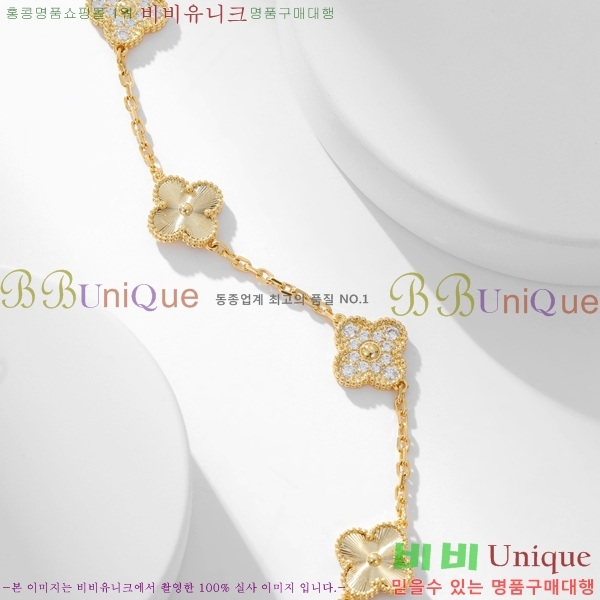 ��Ŭ���� �� ���� ����� CH30061-1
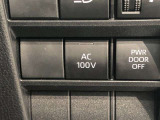 非常時やキャンプで役立つAC100V電源コンセントです。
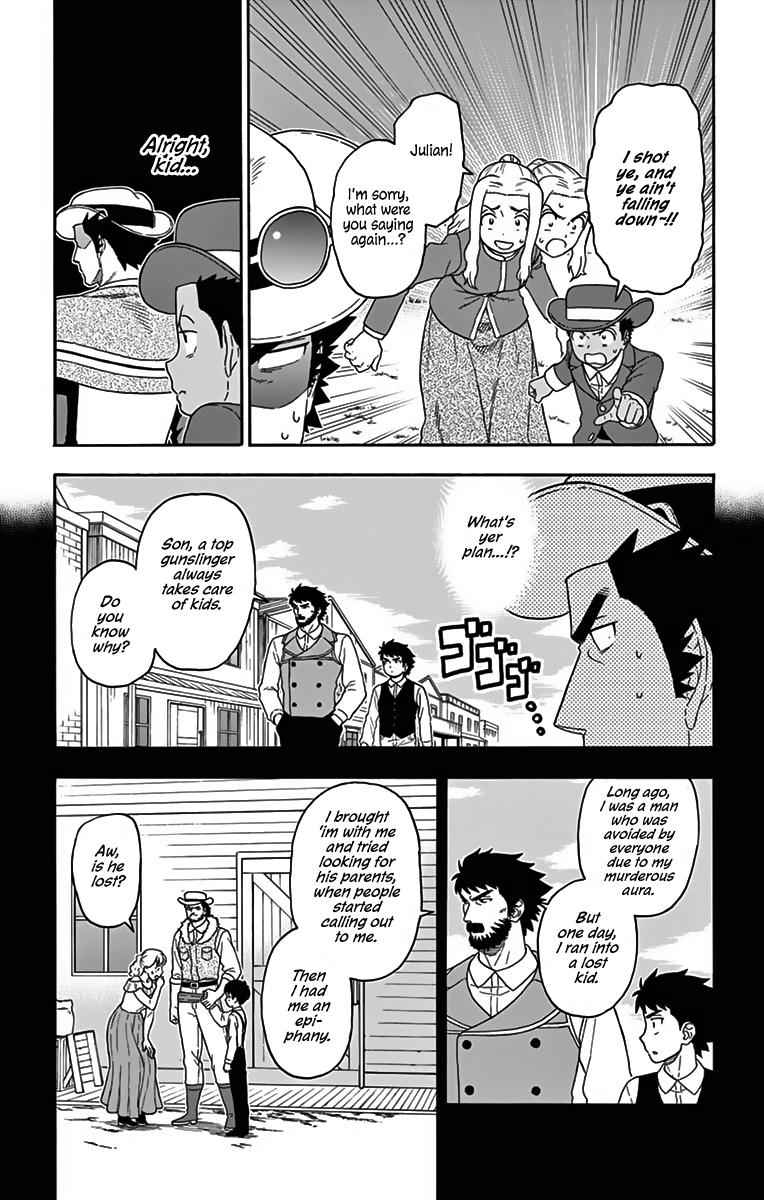 Hoankan Evans no Uso Chap 117 - Next Chap 118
▬▬▬▬▬▬▬▬▬▬
DESCRIPTION OF THE TASK | The answer must be an exact copy of the lines from the one with "非常時やキャンプで役立つAC100V電源コンセントです。" through the final line above, both ends included, and nothing else; pictures stay out.

FINISHED EXERCISE |
 非常時やキャンプで役立つAC100V電源コンセントです。
 Hoankan Evans no Uso Chap 117 - Next Chap 118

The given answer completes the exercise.